Levé à six heures. Dix heures de route en perspective … Quelques rares arrêts, presque toujours pour shopping … Enfin, il nous annonce que nous allons visiter l’un des plus grands ateliers de tissage de la soie en Chine. D’après lui, cette visite est imposée par les autorités car elle a reçue la bénédiction de l’actuel président.

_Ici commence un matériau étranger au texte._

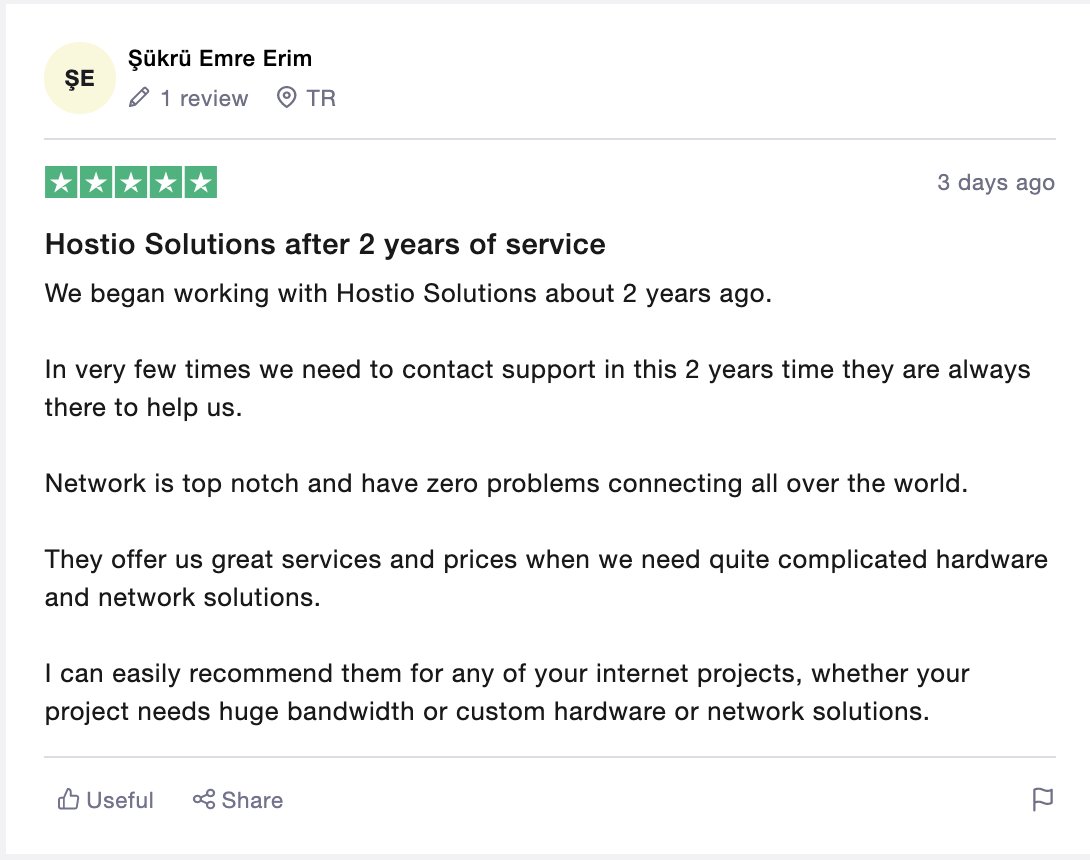 HostioSolutions's tweet image. We&apos;re happy when you&apos;re happy. Thank you Şükrü for this amazing review! 🤩

#hostiosolutions #webhosting #hostingprovider #VPS #IPv4 #dedicatedserver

Je me réjouis d’avance à l’idée de pouvoir photographier des ouvriers à leur poste de travail, comme dans les années soixante–dix aux usines Olivetti en Italie.

A la descente des cars, même rituel. Une cohorte de guide nous fait mettre en rang, chacun derrière sa bannière. Grandes enfilades de galeries didactiques : origine de la soie, route de la soie, différentes qualités …

J’aperçois sur un écran de contrôle, plusieurs vues des ateliers de tissage, déserts pour la plupart, sauf un où il me semble apercevoir un ouvrier …

Arrivés dans un vaste hall où une bonne douzaine d’immenses lits sont alignés à la queue leu leu … Tous, bien entendu, recouverts de somptueuses parures en soie.

De chaque côté de cette salle d’exposition, des alvéoles assez larges pour contenir un groupe de touristes. Notre groupe y pénètre en bon ordre. Aussitôt entrés, une tenture est tirée derrière nous et le piège se referme.

Au milieu de la pièce un vaste plateau surélevé de trois mètres sur deux, recouvert de soieries. Aux murs, de splendides couvre lits en soie. Nous allons subir pendant une demi-heure le baratin du bonimenteur qui vante sa marchandise. Bien sûr c’est superbe ! Couleurs, dessins, matière …

A la fin de cet interminable boniment, craché par la sempiternelle sono portative, l’annonce des prix (Ning Xin me traduit). Rapidement décroissants comme dans toute foire commerciale. Les Da Ma présentes sont très intéressées et commencent à acheter en grandes quantités et les meilleures pièces. Le guide discute avec le vendeur. Il aura sûrement une bonne ristourne … Retour vers le car …

Ah ! L’ère Maoïste est bien finie. Imaginons la même visite il y trente ans …

Larges banderoles à l’arrivée des cars pour vanter les gains de productivité de l’atelier. Salutations de la délégation des responsables de l’usine et de la section locale du Parti. Visite détaillée, poste par poste des différentes étapes de la fabrication. Après quatre heures d’éprouvante déambulation, arrêt dans une petite pièce où on nous sert de l’eau chaude, conservée dans de grands thermos. C’est le moment où le responsable du Parti nous présente l’ouvrière ou l’ouvrier le plus méritant. Comme toujours, il a une bonne tête, il est franc, il rayonne d’optimisme en un avenir meilleur. En tant qu’hôtes étrangers de la République Populaire de Chine, il est de notre devoir de remercier et de placer l’incontournable couplet sur l’indéfectible amitié entre les peuples …

On s’y croirait, n’est-ce pas ?

Lundi 27 juillet

Chengdu.

Demi journée de repos après le long trajet de retour depuis les Jiuzhaigou valleys.

Logés dans un vaste appart’ hôtel, au 22ème étage d’un tour avec une large vue sur Chengdu.

Logement moderne, très propre, bien équipé mais mal conçu.

Lit immense (king size, deux mètres de large), dans une petite chambre d’où impossibilité de placer des tables de nuit ou de disposer d’une tablette pour poser sa valise.

De prime abord, Chengdu se montre plus accueillante que Chongqing, plus ombragée, plus resserrée. Elle est aussi plus ancienne.